Che caratteristiche hanno?
«Sono molto diversi. Quando avevo 17 anni mi comprarono il Kreutzer, una voce molto luminosa. Se si può fare un paragone tra pittura e suono, Stradivari è un Raffaello, un Tiziano; il Guarneri invece è un Caravaggio, perfetto per il concerto per violino di Robert Schumann: ha un suono misterioso, notturno, lunare. Lo Stradivari, adattissimo a Vivaldi e Mozart, è apollineo, Guarneri dionisiaco. E ancora, il suono dello Stradivari è congeniale per determinati autori, meno per altri. I Guarneri hanno un suono dal timbro scuro, drammatico, struggente, che ricorda i dipinti di Rembrandt».

 

Lei ha lavorato con i più grandi direttori, da Zubin Mehta a Wolfgang Sawallisch, e i suoi interessi toccano anche la letteratura. Cosa legge oggi?
«Alcuni autori vanno riletti costantemente, così come nella musica. Non si fa Bach una volta sola, ma si ristudia, si riascolta.
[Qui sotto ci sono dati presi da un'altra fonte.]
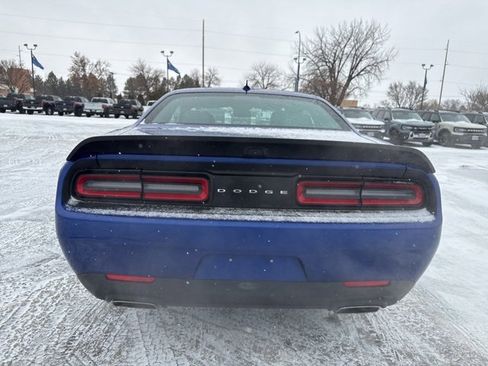 Used 2022 Dodge Challenger R/T Scat Pack w/ Shaker Package image 7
E così per la letteratura: Dostoevskij, Goethe, Shakespeare, vanno riletti nell’arco della vita. Sono una lezione di vita, cultura, spiritualità. Durante le mie tournée leggevo la letteratura dei Paesi che mi capitava di attraversare».

 

Ha conosciuto Borges?
«Sì, a Buenos Aires, a casa di amici che frequentavano il Teatro Colón e venivano ai miei concerti. Una volta avevo espresso il desiderio di contattare Borges, per me uno dei grandi geni letterari del Novecento, anche se non gli hanno mai dato un Nobel. “Forse pensano di avermelo già dato”, disse una volta ironicamente. Porto nel cuore capolavori come “Storia dell’eternità”, “La biblioteca di Babele”, i suoi racconti. Aveva una capacità immaginifica straordinaria, sapeva intuire il senso metafisico dell’umanità. Mi parlò di uno scrittore italiano a suo avviso trascurato dalla critica e dal mondo della cultura italiana, Giovanni Papini. Secondo lui era stato uno dei grandi scrittori del Novecento, come Dino Buzzati».

 

In un’intervista al quotidiano La Verità lei ha sostenuto che la sinistra in passato ha messo al bando alcune importanti figure di intellettuali. Chi in particolare?
«Giovanni Papini, appunto. Siccome non era di sinistra è stato un po’ messo da parte, come del resto Dino Buzzati. Dico forse, non voglio polemizzare con la sinistra».

 

C’è da dire che Papini fu tra i firmatari del “Manifesto della razza” (1938), non un fatto secondario, anche se in seguito ne prese le distanze. Comunque si parla di un tempo lontano, oggi affiorano problemi diversi: i giovani, ad esempio, spesso entrano in connessione con mondi musicali lontani dalla musica classica.
«Perché conoscono solo questo, non c’è par condicio di informazione. Se il 99 per cento della musica è pop e rock, loro tendono a quello, è normale. E invece bisogna far conoscere loro i tesori della nostra musica».

 

E invece all’ultimo G7 il ministro degli Esteri, Antonio Tajani, ha regalato un cd dei Måneskin al segretario di Stato americano Antony Blinken.
«Purtroppo ho un rapporto molto “leggero” con la musica leggera, non per snobismo ma per interesse spirituale. Non ho niente di personale contro i Måneskin, ma per me non è musica. È teatro».